Building a Zero-Overhead Renderer
The Leadwerks 4 renderer was built for maximum flexibility. The Leadwerks 5 renderer is being built first and foremost for great graphics with maximum speed. This is the fundamental difference between the two designs. VR is the main driving force for this direction, but all games will benefit.
Multithreaded Design
Leadwerks 4 does make use of multithreading in some places but it is fairly simplistic. In Leadwerks 5 the entire architecture is based around separate threads, which is challenging but a lot of fun for me to develop. I worked out a way to create a command buffer on the main thread that stores a list of commands for the rendering thread to perform during the next rendering frame. (Thanks for the tip on Lambda functions @Crazycarpet) Each object in the main thread has a simplified object it is associated with that lives in the rendering thread. For example, each Camera has a RenderCamera object that corresponds to it. Here's how changes in the main thread get added to a command buffer to be executed when the rendering thread is ready:
void Camera::SetClearColor(const float r,const float g,const float b,const float a) { clearcolor.x = r; clearcolor.y = g; clearcolor.z = b; clearcolor.w = a; #ifdef LEADWERKS_5 GameEngine::cullingthreadcommandbuffer.push_back( [this->rendercamera, this->clearcolor]() { rendercamera->clearcolor = clearcolor; } ); #endif }
The World::Render() command is still there for conceptual consistency, but what it really does it add all the accumulated commands onto a stack of command buffers for the rendering thread to evaluate whenever it's ready:
void World::Render(shared_ptr<Buffer> buffer) { //Add render call onto command buffer GameEngine::cullingthreadcommandbuffer.push_back(std::bind(&RenderWorld::AddToRenderQueue, this->renderworld)); //Copy command buffer onto culling command buffer stack GameEngine::CullingThreadCommandBufferMutex->Lock(); GameEngine::cullingthreadcommandbufferstack.push_back(GameEngine::cullingthreadcommandbuffer); GameEngine::CullingThreadCommandBufferMutex->Unlock(); //Clear the command buffer and start over GameEngine::cullingthreadcommandbuffer.clear(); }
The rendering thread is running in a loop inside a function that looks something like this:
shared_ptr<SharedObject> GameEngine::CullingThreadEntryPoint(shared_ptr<SharedObject> o) { while (true) { //Get the number of command stacks that are queued CullingThreadCommandBufferMutex->Lock(); int count = cullingthreadcommandbufferstack.size(); CullingThreadCommandBufferMutex->Unlock(); //For each command stack for (int i = 0; i < count; ++i) { //For each command for (int n = 0; n < cullingthreadcommandbufferstack[i].size(); ++n) { //Execute command cullingthreadcommandbufferstack[i][n](); } } //Remove executed command stacks CullingThreadCommandBufferMutex->Lock(); int newcount = cullingthreadcommandbufferstack.size(); if (newcount == count) { cullingthreadcommandbufferstack.clear(); } else { memcpy(&cullingthreadcommandbufferstack[0], &cullingthreadcommandbufferstack[count], sizeof(sizeof(cullingthreadcommandbufferstack[0])) * (newcount - count)); cullingthreadcommandbufferstack.resize(newcount); } CullingThreadCommandBufferMutex->Unlock(); //Render queued worlds for (auto it = RenderWorld::renderqueue.begin(); it != RenderWorld::renderqueue.end(); ++it) { (it->first)->Render(nullptr); } } return nullptr; }
I am trying to design the system for maximum flexibility with the thread speeds so that we can experiment with different frequencies for each stage. This is why the rendering thread goes through and executes all commands an all accumulated command buffers before going on to actually render any queued world. This prevents the rendering thread from rendering an extra frame when another one has already been received (which shouldn't really happen, but we will see).
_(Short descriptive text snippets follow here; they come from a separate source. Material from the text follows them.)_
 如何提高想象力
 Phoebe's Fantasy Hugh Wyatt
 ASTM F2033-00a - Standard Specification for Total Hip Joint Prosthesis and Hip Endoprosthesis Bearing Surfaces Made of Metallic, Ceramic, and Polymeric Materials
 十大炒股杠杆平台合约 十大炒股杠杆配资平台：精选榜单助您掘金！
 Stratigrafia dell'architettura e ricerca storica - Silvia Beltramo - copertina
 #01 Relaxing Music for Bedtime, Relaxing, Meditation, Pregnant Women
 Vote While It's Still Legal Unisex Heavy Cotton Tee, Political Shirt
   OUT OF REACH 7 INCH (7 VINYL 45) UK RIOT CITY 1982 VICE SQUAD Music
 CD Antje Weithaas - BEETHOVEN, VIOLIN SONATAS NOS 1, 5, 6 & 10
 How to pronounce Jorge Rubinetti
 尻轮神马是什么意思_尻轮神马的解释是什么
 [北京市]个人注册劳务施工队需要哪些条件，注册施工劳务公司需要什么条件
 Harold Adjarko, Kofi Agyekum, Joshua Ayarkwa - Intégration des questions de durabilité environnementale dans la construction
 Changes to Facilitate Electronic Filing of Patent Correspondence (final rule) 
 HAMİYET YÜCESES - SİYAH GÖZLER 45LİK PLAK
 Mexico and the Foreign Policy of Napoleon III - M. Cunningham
As you can see, the previously expensive World::Render() command now does almost nothing before returning to your game loop. I am also going to experiment with running the game loop and the rendering loop at different speeds. So let's say previously your game was running at 60 FPS and 1/3 of that time was spent rendering the world. This left you without about 11 milliseconds to execute your game code, or things would start to slow down. With the new design your game code could have up to 33 milliseconds to execute without compromising the framerate. That means your code could be three times more complex, and you would not have to worry so much about efficiency, since the rendering thread will keep blazing away at a much faster rate.
The game loop is a lot simpler now with just two command you need to update and render the world. This gives you a chance to adjust some objects after physics and before rendering. A basic Leadwerks 5 program is really simple:
#include "Leadwerks.h" using namespace Leadwerks; int main(int argc, const char *argv[]) { auto window = CreateWindow("MyGame"); auto context = CreateContext(window); auto world = CreateWorld(); auto camera = CreateCamera(world); while (true) { if (window->KeyHit(KEY_ESCAPE) or window->Closed()) return 0; world->Update(); world->Render(context); } }
This may cause problems if you try to do something fancy like render a world to a buffer and then use that buffer as a texture in another world. We might lose some flexibility there, and if we do I will prioritize speed over having lots of options.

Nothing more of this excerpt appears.